During her career, Louisa wrote numerous books under her own name and several thrillers under her pseudonym, A. M. Barnard.   Her most famous book was Little Women published by Roberts Brothers in 1868.  This book was illustrated by her sister May Alcott Nieriker, an artist whose profile is in A Woman of the Century.  Louisa also edited Merry's Museum from 1868 to 1879 and wrote pieces for periodicals such as The Atlantic Monthly and The Independent.  
 
Louisa's extensive social network included authors Ednah Dow Cheney, Ralph Waldo Emerson, Elizabeth Powell Bond, Henry David Thoreau, and her uncle, reformer Samuel Joseph May.
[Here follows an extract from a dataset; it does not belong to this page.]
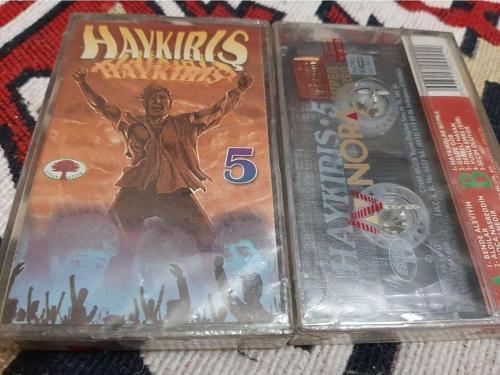 Haykırış 5 Jelatinli Cam Baskı Kaset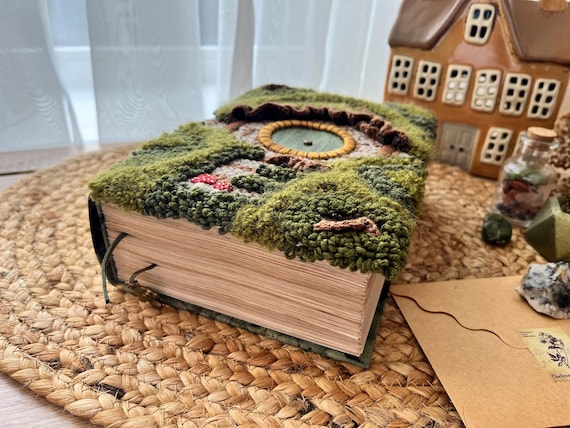 800 Pages Handmade Journal With Lined Vintage Paper, Thick Writing  Junk Journal 6*8, Hobbit House Travelers Notebook, Hand-bound Diary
By 1883, Louisa was living in Concord and caring for both her elderly father and her niece Lu, whose mother May had passed away shortly after her birth. The Indianapolis Journal reprinted Louisa's letter to Lucy Stone that while she was  interested in woman's suffrage, her family obligations prevented her from attending the Woman's Suffrage National Convention.  Louisa also expressed her frustration at the lack of interest in the topic by many of Concord's women and hoped that the women at the Convention could help to provide motivation for "these slothful sisters."  Later that year, Louisa was one of ten women who sent a joint letter to the Massachusetts and Republican State Central Committees.  As The Greenville Times notes, "They believe that the establishment of political rights for women is essential to the highest good of the state."  The other women were Lucy Stone, Julia Ward Howe, Mary G. Ames, Mary A. Livermore, Mary F. Eastman, Ednah D. Cheney, Mary C. Shannon, Mary Shannon, and Susan E. B. Channing.  Louisa continued to support the cause during the 1880s.

She passed away on March 6, 1888 at age fifty-five and was buried in Sleepy Hollow Cemetry in Concord, MA.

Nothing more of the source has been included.